So there's lots of variability. And then Arm really explored like, you know, they have the A series and the R series and the M series, like a family of processors for all these different design points from like unbelievably small and simple. And so then when you're doing the design, it's sort of like this big palette of CPUs.
Like they're the only ones with a credible, you know, top to bottom palette. And-- - What do you mean a credible top to bottom? - Well, there's people that make microcontrollers that are small, but they don't have a fast one. There's people make fast processors, but don't have a medium one or a small one.
- Is it hard to do that full palette? That seems like a-- - Yeah, it's a lot of different-- - So what's the difference between the Arm folks and Intel in terms of the way they're approaching this problem? - Well, Intel, almost all their processor designs were, you know, very custom high end, you know, for the last 15, 20 years.
- The fastest horse possible. - Yeah. - In one horse sense. - Yeah, and they architecturally are really good, but the company itself was fairly insular to what's going on in the industry with CAD tools and stuff. And there's this debate about custom design versus synthesis and how do you approach that.
I'd say Intel was slow on the, getting to synthesize processors. Arm came in from the bottom and they generated IP, which went to all kinds of customers.
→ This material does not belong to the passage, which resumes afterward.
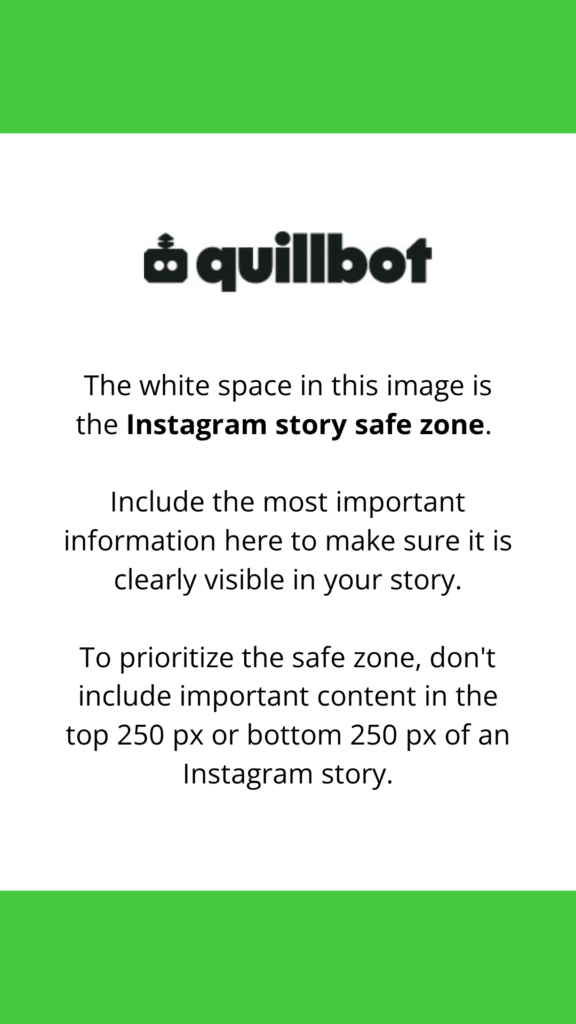 An image showing Instagram story size and the "safe zone" where all important content should appear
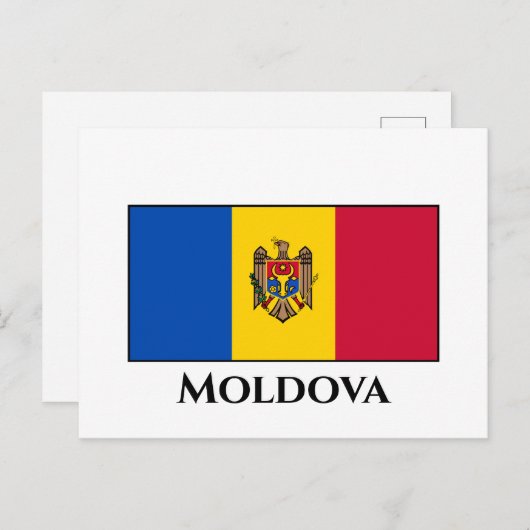 Carte Postale Drapeau de Moldova (Devant / Derrière)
So they had very little say in how the customer implemented their IP. So Arm is super friendly to the synthesis IP environment.
Whereas Intel said, we're gonna make this great client chip or server chip with our own CAD tools, with our own process, with our own, you know, other supporting IP and everything only works with our stuff. - So is that, is Arm winning the mobile platform space in terms of process?
- Of course, yeah. - And so in that, what you're describing is why they're winning. - Well, they had lots of people doing lots of different experiments. So they controlled the process architecture and IP, but they let people put in lots of different chips. And there was a lot of variability in what happened there.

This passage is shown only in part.